## EXERCISE AIM
Retype the listing that follows, leaving nothing out.
━━━━━ DATA SEGMENT ━━━━━
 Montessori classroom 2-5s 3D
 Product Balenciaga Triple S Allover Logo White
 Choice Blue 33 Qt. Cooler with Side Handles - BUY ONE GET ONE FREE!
━━━━━
## RESULT BELOW
 Montessori classroom 2-5s 3D
 Product Balenciaga Triple S Allover Logo White
 Choice Blue 33 Qt. Cooler with Side Handles - BUY ONE GET ONE FREE!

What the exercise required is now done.